In West Born, La Rue tells us her parents arrived in England in the 1990s. Gone were the ‘blues parties‘ and in their place was an evolving rave scene based on a DIY community ethos. Lava La Rue talks about these days fondly, though she experienced them through the lens of childhood. ‘I was around sound-systems and thumping booming music from a very young age… [I was] the little kid running around barefoot while everyones on a trippy one‘.
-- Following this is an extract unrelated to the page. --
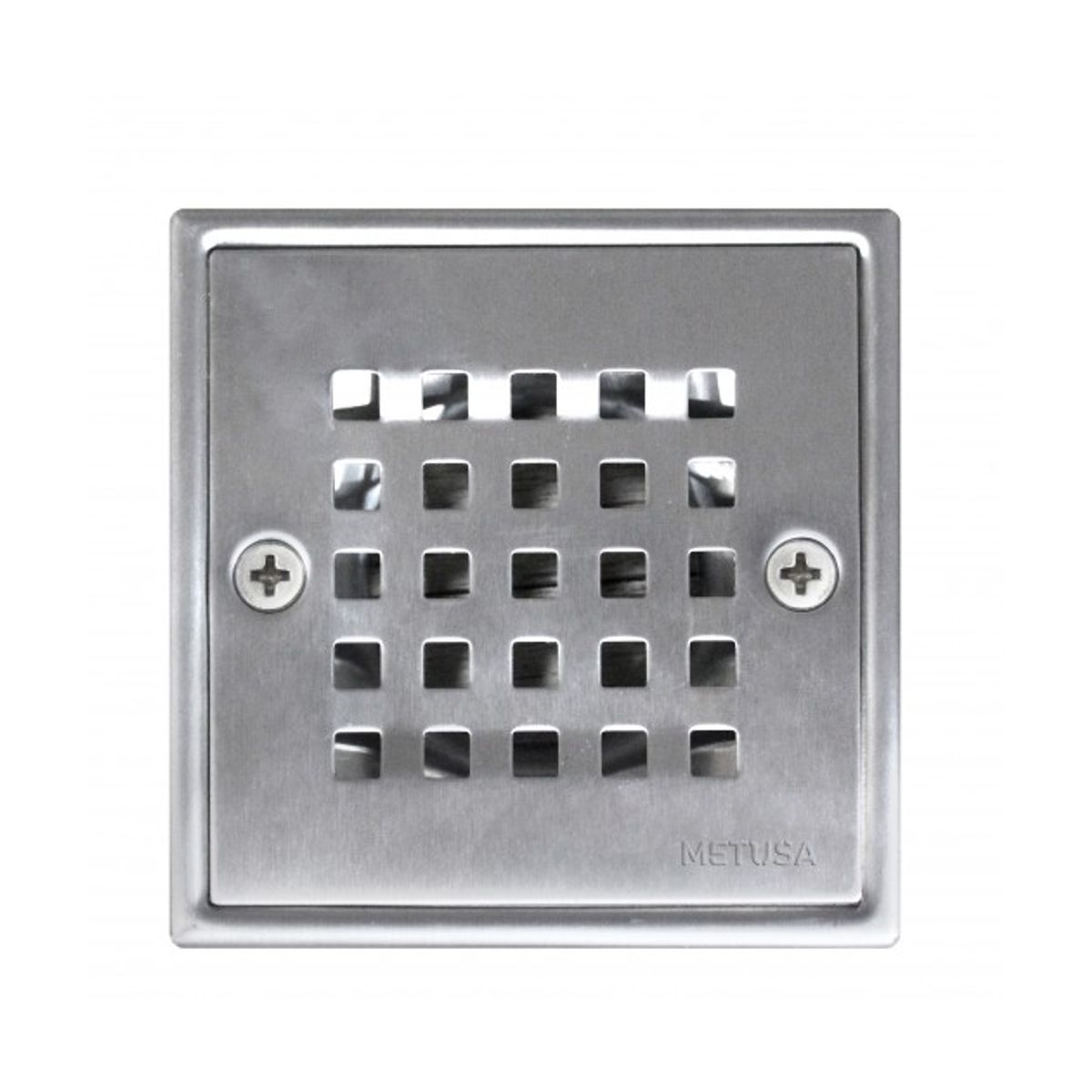 METUSA - Sumidero 4” Cuadrado en Acero Inoxidable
It was an unorthodox childhood, but one she enjoyed thoroughly. So much so that she wanted to start putting on similar parties in her teens, desiring to ‘curate a space‘ that felt safe and shared the community values of the ones her parents went to.
In the documentary, she and musician Louis Culture discuss East v. West in terms of nightlife. Louis contends that East is ‘kind of winning’ at the moment, and Lava agrees ‘there’s been an attack on the arts in West… for some reason securing a venue in West is difficult to obtain… it’s the prices, they’ve not made it accessible to locals.’
Toward the end of the video, Lava La Rue stands on Tavistock Road talking listening intently to Leslie Palmer, Trinidadian community activist and one of the pioneers of Notting Hill Carnival back in the mid 1960s. Palmer’s vision was that people from different Afro-Caribbean communities would come together to make Carnival bigger and better. This was certainly achieved as Carnival is now a festival of thousands from all different cultures.
Lava La Rue holds Carnival close to her heart, saying in Vogue that her first carnival was ‘in the womb‘. This intimate connection makes her documentary both authentic and inspiring to watch.